EXERCISES TO AVOID DURING BACK AND DISK PAIN

EXERCISES TO AVOID DURING BACK AND DISK PAINWhat are the exercises which you have to avoid if you have any back problem, disk problem, lower back, upper back, mid back problem . What is the exercise which you have to avoid and what are the supplements and food which you have to add. Almost 30%-50% of people in the gym are facing these problems. There are many exercises in the workout which affect our lower back. Precaution is very important while doing any exercise if you are training any muscle. Make sure you don’t involve your bones, joints, and ligaments as it will affect you in long run. Following are few exercises to avoid during back and disk pain:

1. STIF LEG DEADLIFT

In this exercise your legs should be straight and stiff, your knees should not be bent when you go downwards, your lower back gets bent and then there is a lot of pressure on your lower back. This exercise you have to avoid.

ROMANIAN DEADLIFT

You can do Romanian deadlift instead of this exercise as in this your back is straight and your knees are bent, so this exercise can be done instead of deadlift.

2.FULL SQUATS

This is also an exercise which you have to avoid. In this exercise, you are going all the way down, although this is a very effective exercise in case of lower back pain, you have to avoid this exercise because when you go all the way down your lower back is getting compressed.

MID RANGE SQUATS

In mid-range squats you are not going all the way down, you are going half the way down and then all the way up. Your back should be straight, a lot of people bent their back.

3.SIDE TWIST

You have to avoid this exercise as in this exercise your spine is getting twisted, your lower body is fully locked. If you have back disk pain then you have to avoid this exercise.

SIDE PLANKS

You can do side planks instead of side twist as it is the most simple exercise. Remember to keep your body straight.

STANDING HAMSTRING STRETCHING

This exercise is very dangerous if you have back pain. This is a stretching exercise which you have to avoid.

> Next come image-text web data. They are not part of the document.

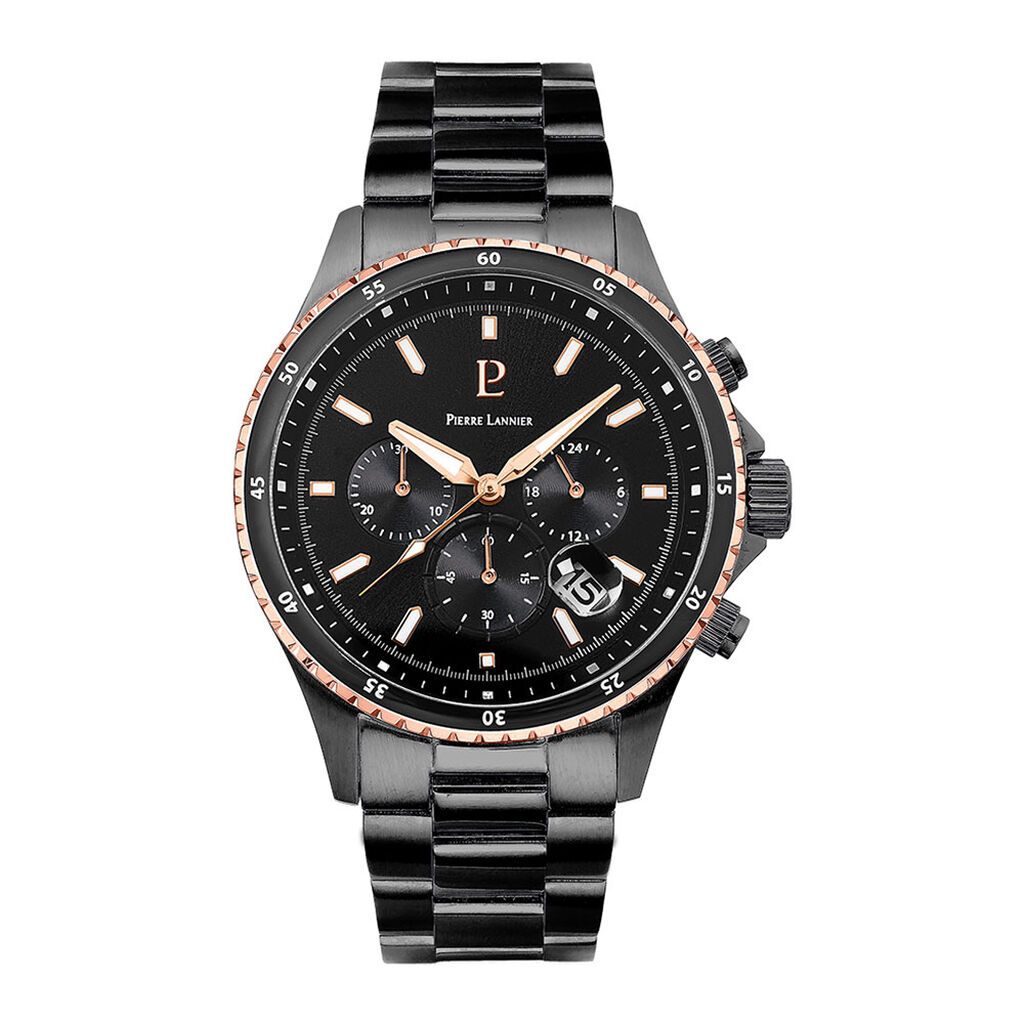 Montre Pierre Lannier Cronos Noir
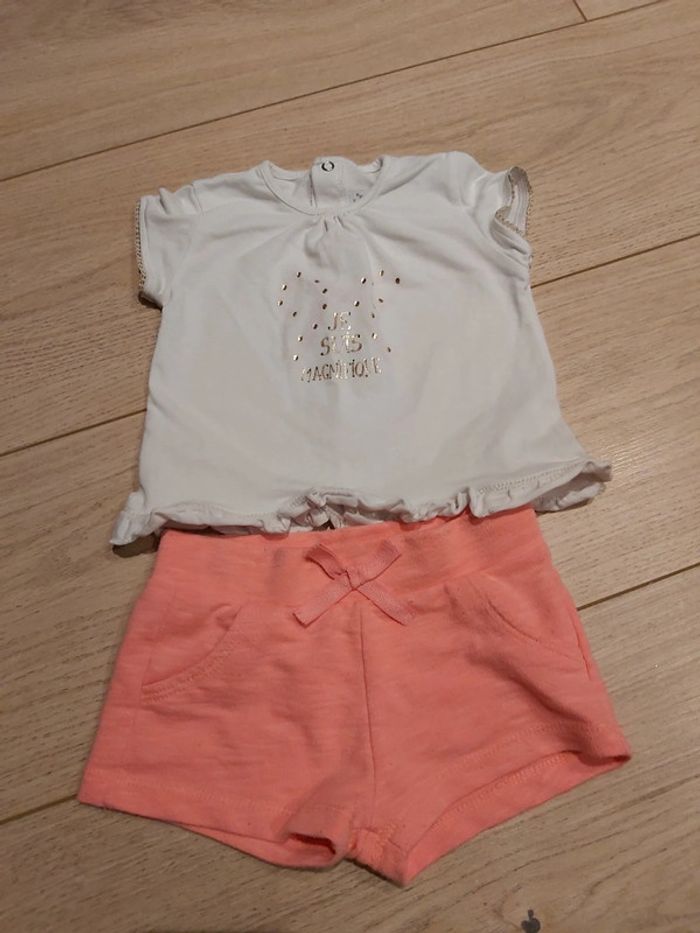 Ensemble fille 6 mois 68cms (78)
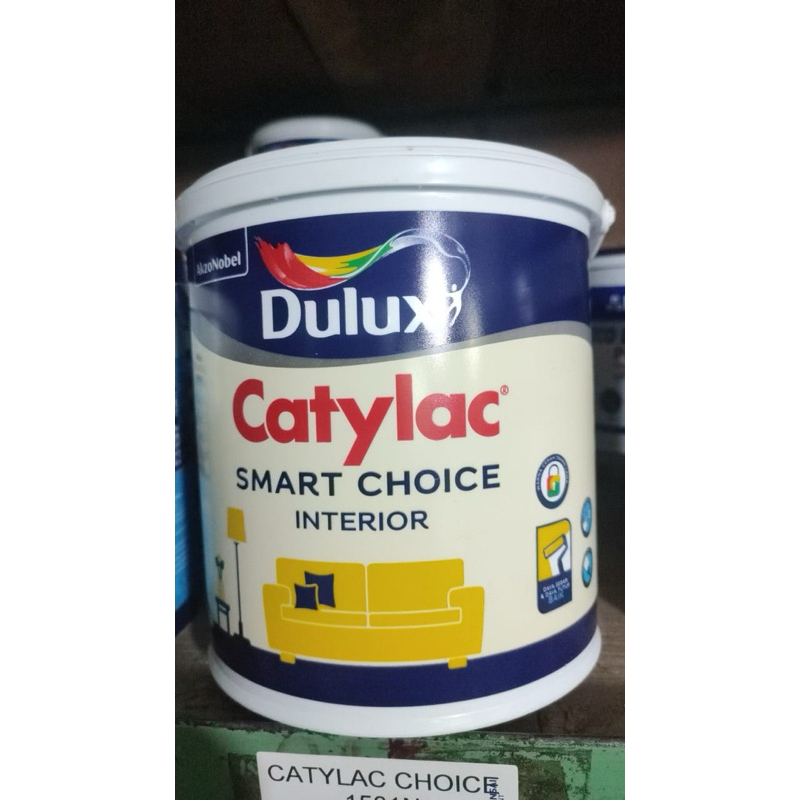 Dulux Catylac SMART CHOICE Interior , Cat Interior Terbaik Murah Meriah By Dulux 5 kg Putih White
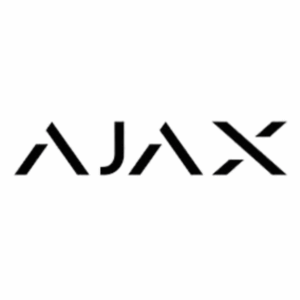 Logo de la marque Ajax – systèmes d’alarme et caméras de vidéosurveillance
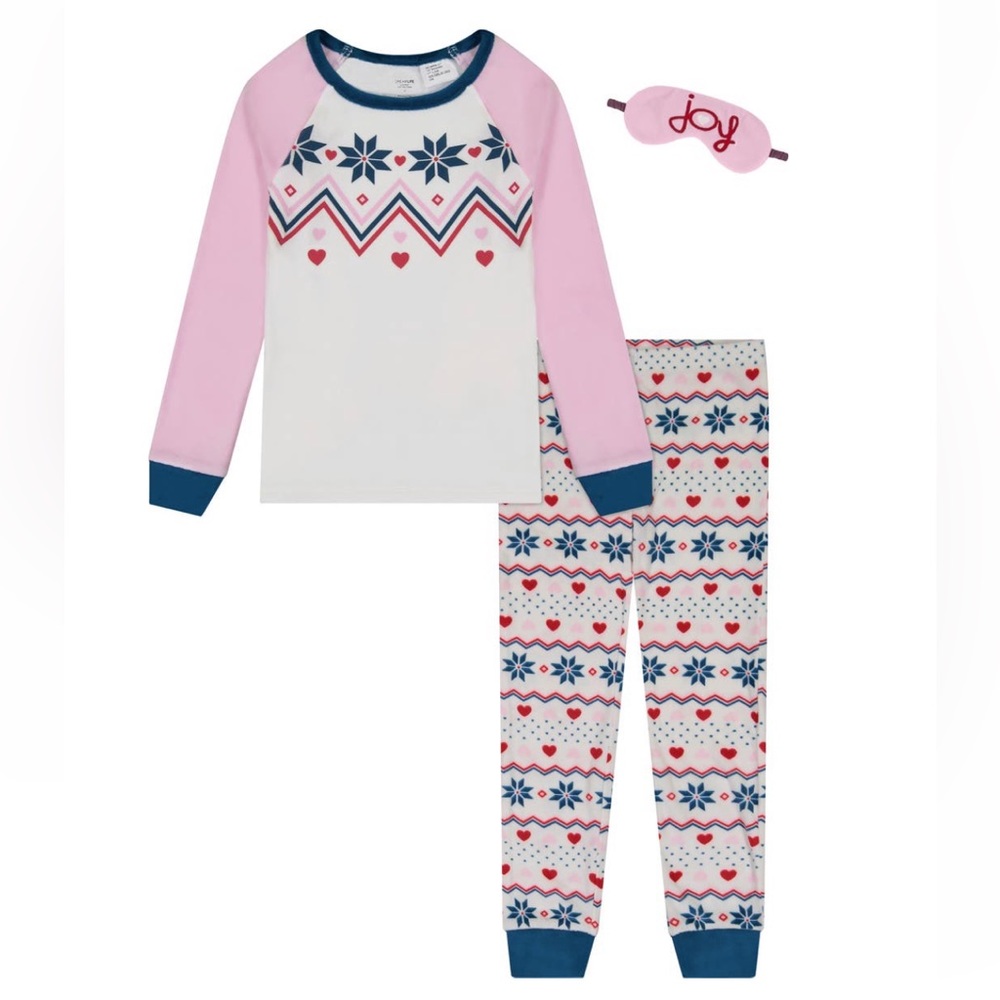 NWT Blush By Us Angels Kids Fair Isle Pajama Set SZ 14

In this exercise, you try to touch your toe and your back gets bent, this is the exercise which you have to avoid.

SINGLE LEG HAMSTRING

You can do single leg hamstring in this exercise your back should be straight, your knees should be straight.

NUTRITION

You have to add Vitamin-K, as it helps in binding the calcium. Lot of people dont take enough Vitamin-K in their diet. Green leafy vegetables are a very good source of vitamin-K. You can also add vitamin-K supplement in your diet. Vitamin-D is equally important to add in regular diet. Egg yolk, fish and milk are a good source of vitamin-D. If you have the vitamin-D deficiency then your body will not be able to absorb calcium. Adding vitamin-D and vitamin K in your diet is important as it will help absorb calcium for a healthy back.